Rotina: Comunismo dos genocídios é uma deturpação

13
441

Geralmente, quando comunistas são questionados a respeito dos mais de 100 milhões de mortos em nações como Rússia, China, Cambodja e outras, eles afirmam algo do tipo:

  • “O que você critica não é o comunismo, mas sim uma deturpação do mesmo.”
  • “O marxismo de verdade jamais ocorreu. O que se viu ali foi uma deturpação das idéias de Marx.”
  • “O estado de Marx não devia existir, pois o povo deveria ser auto-regulado.”

Esse discurso de defesa tem uma estrutura básica: Dizer que coisas como genocídios na Rússia e China não são eventos causados pelo comunismo, pois “o comunismo não é totalitário, já que é sociedade sem classes”.
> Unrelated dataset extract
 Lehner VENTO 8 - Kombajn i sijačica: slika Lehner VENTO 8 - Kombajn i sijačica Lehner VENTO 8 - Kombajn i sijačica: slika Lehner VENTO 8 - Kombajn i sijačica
Em tese, tudo muito bonitinho, não fosse o fato de que o próprio marxismo já previa a Ditadura do Proletariado, que faria a estatização dos meios de produção por meios revolucionários internos. Um exemplo seria a Rússia. Marx também dizia que esta Ditadura do Proletariado serviria, enfim, para criar essa sociedade sem classes, e então transferir o poder ao povo. *suspiros*

Vamos transcrever como é então a teoria marxista APLICADA:

  1. O ser humano é bom, mas a sociedade é corrupta, portanto corrompe o homem. (by Rousseau)
  2. Sendo assim, instala-se a Ditadura do Proletariado.
  3. Esta Ditadura do Proletariado corrige as chagas sociais, e, em seguida, com as chagas sociais já corrigidas, o homem bom viverá no mundo bom, pois esta Ditadura do Proletariado transferirá o poder ao homem, todos agora bons.

Não dá para dourar a pílula, mas esses são os fatos. É exatamente essa a proposta marxista. Só que a premissa 1 é assumida pela população, e então executa-se o passo 2, perfeitamente conforme diz Marx. Isso é exatamente o que ocorreu na Rússia, na China, no Cambodja…
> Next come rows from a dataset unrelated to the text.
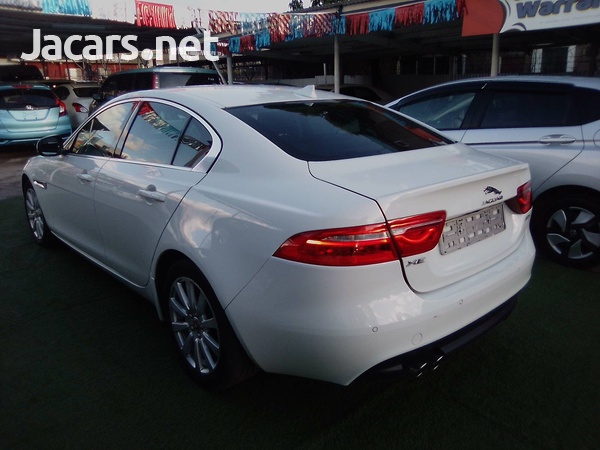Jaguar XF 2,0L 2015-5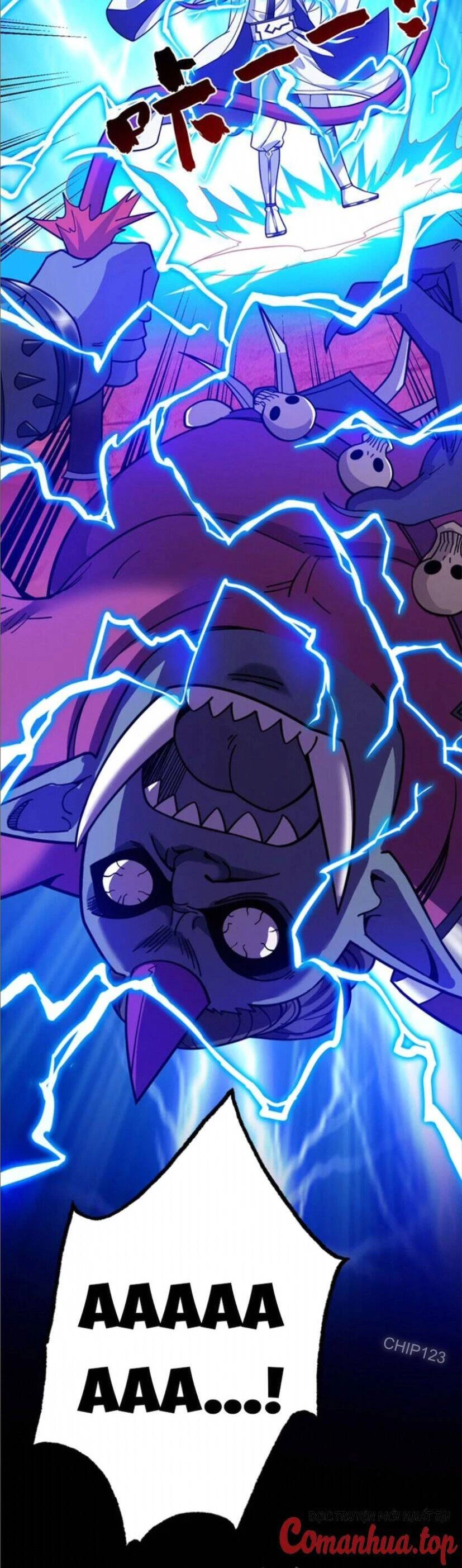 Ẩn Cư Mười Vạn Năm Chapter 126 - 12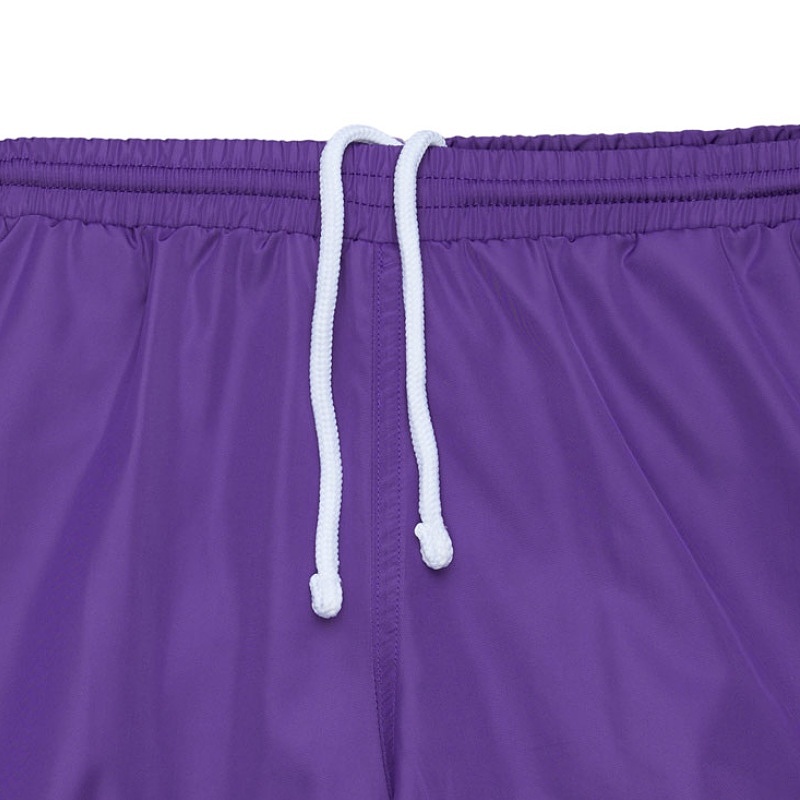 Mitchell Ness x NBA Los Angeles Lakers Sports Shorts Women’s Purple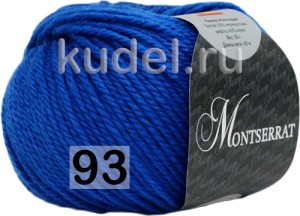 Пряжа Сеам Montserrat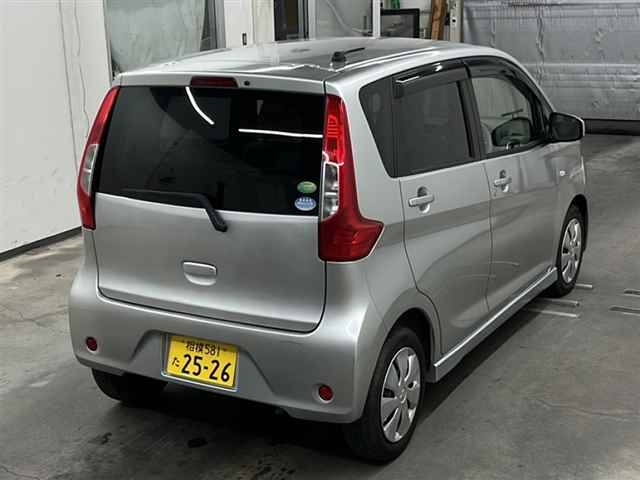 MITSUBISHI EK WAGON 2018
E por que o passo 3 não ocorreu? É claro que o ser humano não é “bom”. Ele contém elementos de empatia, é claro, mas também contém elementos predatórios. São esses elementos unificados que fizeram com que nossa espécie se tornasse um sucesso evolutivo. Isso significa que a premissa 1 estava errada.

Para entender o quão absurda é a justificativa dos marxistas que tentam se eximir de culpa, vamos imaginar uma sociedade tribal que ainda não tenha ouvido falar do Viagra.

Eis que chega um pajé e diz que o pinto do homem é igual o dente. Ou seja, deve-se perder o primeiro dente para o segundo nascer mais forte. O pessoal acredita nisso e então todos cortam os seus pintos, segundo orientação do pajé. A teoria dele é mais ou menos assim:

  1. O pinto é igual ao dente, portanto ao se perder um, nascerá um novo mais forte, que terá ereções sempre que quiser, mesmo que o sujeito tenha 90 anos
  2. Sendo assim, cortam-se os pintos (o primeiro que nasceu nele)
  3. Depois de algum tempo, pintos novos nascerão, em lugar do pinto cortado, e o sujeito dará prazer eterno às suas amadas

O problema é que o pinto novo não nasce e os índios ficam revoltados. Alguns anos depois, cercam o pajé e cobram-lhe explicações. O pajé diz: “O problema é que minha idéia foi deturpada, pois na minha idéia os pintos são fortíssimos quando substituem o anterior”. Os índios não engolem a explicação e colocam o pajé na fogueira…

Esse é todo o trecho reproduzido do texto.